*** Begin section ***

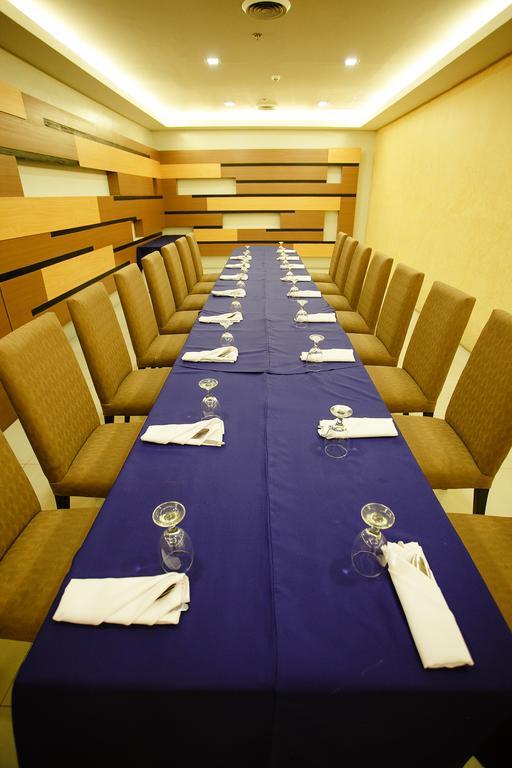 Big 8 Corporate Hotel Tagum Ngoại thất bức ảnh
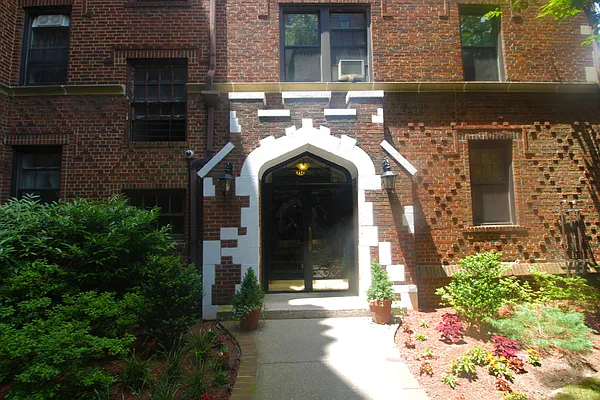 Sold by Exit Kingdom Realty | media 33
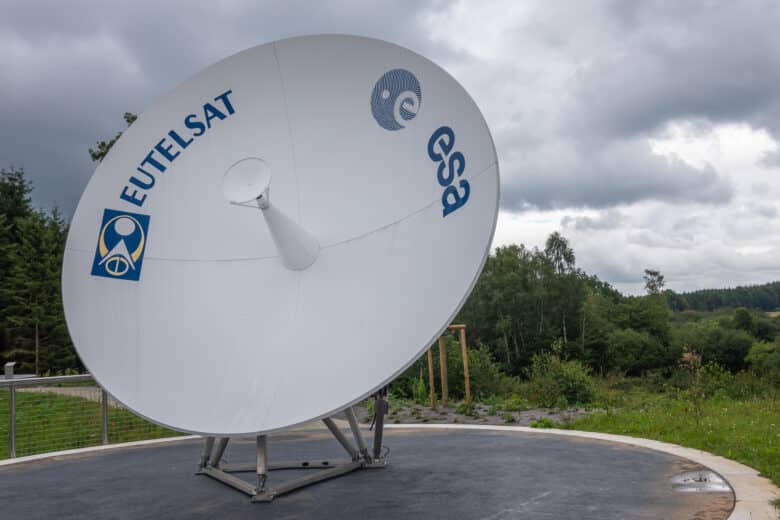 Internet par satellite : Eutelsat rachète Oneweb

*** End section ***

■ **YOUR INSTRUCTIONS**: Give the data again word for word, without images.

■ **EXERCISE OUTPUT**:
 Big 8 Corporate Hotel Tagum Ngoại thất bức ảnh
 Sold by Exit Kingdom Realty | media 33
 Internet par satellite : Eutelsat rachète Oneweb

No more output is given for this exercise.